Donald Rumsfeld is a central political figure in our time. Those curious to know more about him and his life than can easily be picked up in the press should read Rumsfeld: A Personal Portrait, a biography by Midge Decter, who manifestly has spent time with her subject and, in a profusely illustrated book, has taken a long look at him.
One learns from this book that Rumsfeld has a way of, well, sizing things up. He was an auxiliary figure in Washington as a young Princeton graduate until he decided to move on, which he did, to four uninterrupted terms as a congressman.

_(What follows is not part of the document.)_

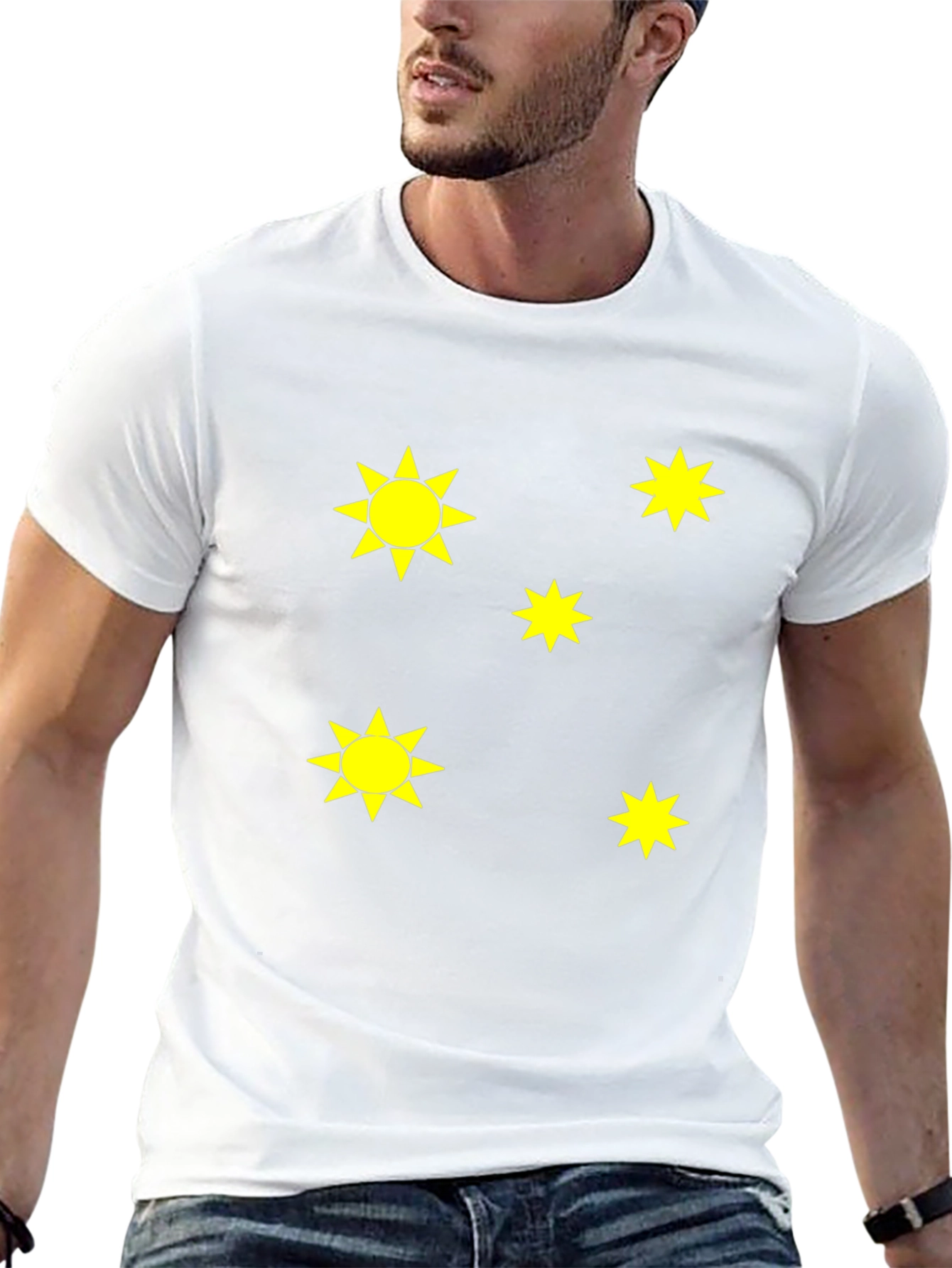 Black Tee with Star Design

Then one day he resolved that his unfamiliarity with the foreign scene had to be remedied, so he got himself nominated, after performing corresponding favors for President Nixon, ambassador to NATO. When the dust settled after Watergate, he was asked to take on secretary of defense, which he did. After the end of President Ford's term, Rumsfeld decided he had had enough of the public sector, and went to back to his native Chicago to head up a huge pharmaceutical company.
He brought it out of the woods, refined his knowledge of management expertise (get rid of superfluous employees), and made a fortune. A few years later, he did this again for General Instrument, a broadcast and technology company in Chicago. In between he gave thought (idle, as it turned out) to running for president and gave critical attention to two commissions that inquired into the proliferation of missile technology and the complementary need to develop U.S. anti-missile technology. And then, of course, President-elect George W. Bush tapped him to serve again as secretary of defense.